Lo fa sottoponendo la proposta di Tso a doppia certificazione medica, a motivata e tempestiva convalida giudiziaria, a durata massima certa. Lo fa richiedendo una triplice condizione per la sua autorizzazione: l’urgenza terapeutica, il rifiuto di cure dell’alienato, l’impossibilità di adottare tempestive misure extraospedaliere. Lo fa esigendo fino all’ultimo istante utile iniziative rivolte ad assicurare il consenso e la partecipazione di chi vi è obbligato: perché «di norma» i trattamenti sanitari hanno da essere volontari (art. 33, legge n. 833 del 1978), e un Tso autorizza ma non impone la contenzione.

Sono regole figlie del principio costituzionale per cui il ricorso a misure coercitive è un’extrema ratio. Regole fondamentali opportunamente ricalcate nel parere approvato all’unanimità dal Comitato Nazionale di Bioetica, il 24 aprile scorso: il ricorso alla contenzione, anche nell’ambito del Tso, può avvenire «solamente in situazioni di reale necessità e urgenza, in modo proporzionato alle esigenze concrete, utilizzando le modalità meno invasive e solamente per il tempo necessario al superamento delle condizioni che abbiano indotto a ricorrervi». Nessuna finalità sanitaria – si legge – può giustificare l’abuso della forza che, dell’autonomia individuale, è sempre una violazione dagli effetti (anche terapeutici) controproducenti.

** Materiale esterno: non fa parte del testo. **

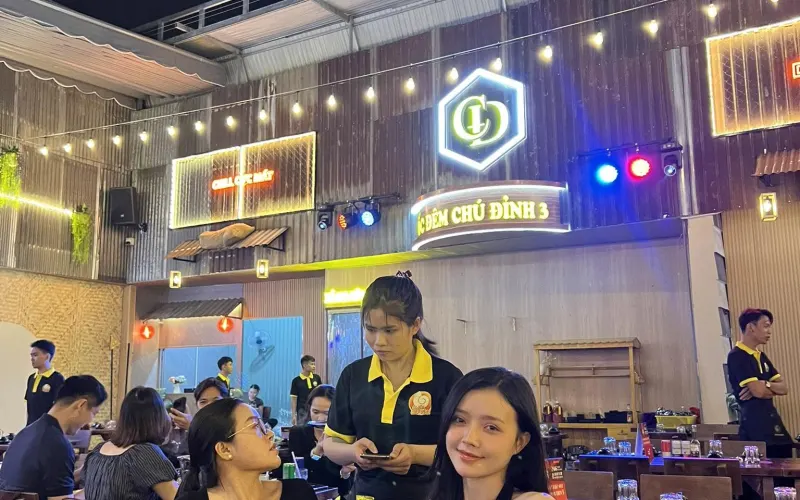 Bùng Nổ Tiệc Sinh Nhật Đêm – Giảm Ngay 20% Cho Bàn Từ 6 Người Tại Ốc Đêm Chú Đỉnh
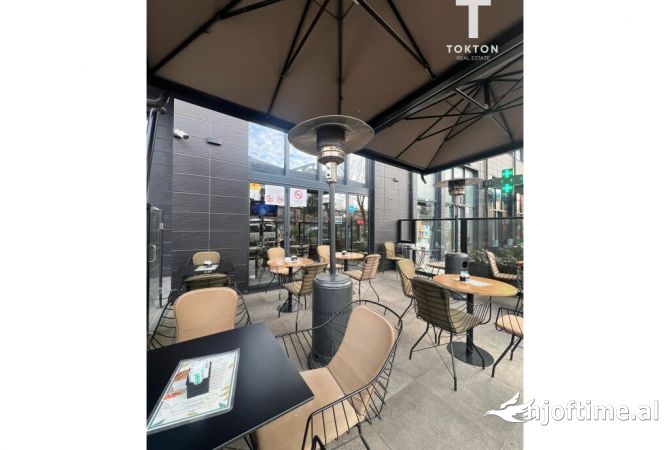 Ambjent biznesi me qera buze rruge , tek oxhaku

Con ciò non si nega la malattia mentale né i dilemmi che essa pone a chi, impotente, chiede il ricovero forzato del proprio familiare. Semmai si ribadisce la piena consapevolezza che chi non ha diritti non è, poiché a chi tutto ha perso capita facilmente di perdere anche se stesso. Fino alla propria vita, com’è accaduto ad Andrea Soldi.

Restituire al soggetto coercito la sua dignità personale (fatta di soma, psiche e civitas), e rispettarla: è, questa, la condizione necessaria per evitare che possa ripetersi – in un carcere o in un Opg, in un commissariato o in un Cie – quanto mai avrebbe dovuto accadere sulla panchina di una piazza di Torino, nell’Italia del terzo millennio.